• **ASSIGNMENT**
From the records below, set down exactly the lines starting with the line that contains "Picture of: Halter" and going on through the line that contains "VINHO BRANCO AMEAL". Nothing else is wanted.

══ MATERIAL FOR THIS EXERCISE

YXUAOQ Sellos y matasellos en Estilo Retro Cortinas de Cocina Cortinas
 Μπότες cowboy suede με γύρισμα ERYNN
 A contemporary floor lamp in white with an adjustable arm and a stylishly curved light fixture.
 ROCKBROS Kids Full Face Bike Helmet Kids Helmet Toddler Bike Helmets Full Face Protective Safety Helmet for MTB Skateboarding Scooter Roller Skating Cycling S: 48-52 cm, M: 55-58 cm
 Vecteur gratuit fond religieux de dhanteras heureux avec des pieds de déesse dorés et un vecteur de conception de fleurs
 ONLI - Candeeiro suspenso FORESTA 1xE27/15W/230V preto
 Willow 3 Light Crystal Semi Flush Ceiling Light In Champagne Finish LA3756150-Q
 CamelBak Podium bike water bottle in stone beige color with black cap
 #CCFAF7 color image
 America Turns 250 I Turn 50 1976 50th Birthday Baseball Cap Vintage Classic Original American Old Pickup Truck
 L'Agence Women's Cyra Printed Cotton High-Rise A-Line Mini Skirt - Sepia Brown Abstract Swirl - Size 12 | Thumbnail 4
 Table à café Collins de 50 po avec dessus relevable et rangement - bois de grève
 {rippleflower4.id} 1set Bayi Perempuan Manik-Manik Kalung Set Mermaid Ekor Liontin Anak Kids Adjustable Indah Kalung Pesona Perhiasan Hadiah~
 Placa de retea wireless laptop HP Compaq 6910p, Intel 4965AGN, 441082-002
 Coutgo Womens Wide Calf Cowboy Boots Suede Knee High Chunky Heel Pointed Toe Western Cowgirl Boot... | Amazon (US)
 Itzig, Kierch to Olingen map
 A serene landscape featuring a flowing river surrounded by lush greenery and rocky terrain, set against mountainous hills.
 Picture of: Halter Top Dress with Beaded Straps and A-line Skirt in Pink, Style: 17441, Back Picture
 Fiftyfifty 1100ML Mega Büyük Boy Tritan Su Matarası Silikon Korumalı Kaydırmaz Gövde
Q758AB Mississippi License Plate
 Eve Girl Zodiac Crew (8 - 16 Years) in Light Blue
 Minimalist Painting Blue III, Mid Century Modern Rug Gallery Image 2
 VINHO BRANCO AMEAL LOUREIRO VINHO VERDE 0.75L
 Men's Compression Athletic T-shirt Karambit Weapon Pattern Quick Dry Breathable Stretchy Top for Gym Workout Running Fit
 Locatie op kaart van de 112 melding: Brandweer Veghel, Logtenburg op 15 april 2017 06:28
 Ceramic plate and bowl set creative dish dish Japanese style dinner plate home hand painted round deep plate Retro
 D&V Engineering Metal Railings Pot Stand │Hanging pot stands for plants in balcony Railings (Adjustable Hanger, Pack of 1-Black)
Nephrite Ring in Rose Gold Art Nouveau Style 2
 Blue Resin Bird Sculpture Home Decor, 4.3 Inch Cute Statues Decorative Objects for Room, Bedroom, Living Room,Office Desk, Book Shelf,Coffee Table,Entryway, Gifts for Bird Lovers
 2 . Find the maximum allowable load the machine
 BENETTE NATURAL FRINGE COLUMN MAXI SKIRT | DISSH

════

• **ANSWER TO THE PROBLEM**
 Picture of: Halter Top Dress with Beaded Straps and A-line Skirt in Pink, Style: 17441, Back Picture
 Fiftyfifty 1100ML Mega Büyük Boy Tritan Su Matarası Silikon Korumalı Kaydırmaz Gövde
Q758AB Mississippi License Plate
 Eve Girl Zodiac Crew (8 - 16 Years) in Light Blue
 Minimalist Painting Blue III, Mid Century Modern Rug Gallery Image 2
 VINHO BRANCO AMEAL LOUREIRO VINHO VERDE 0.75L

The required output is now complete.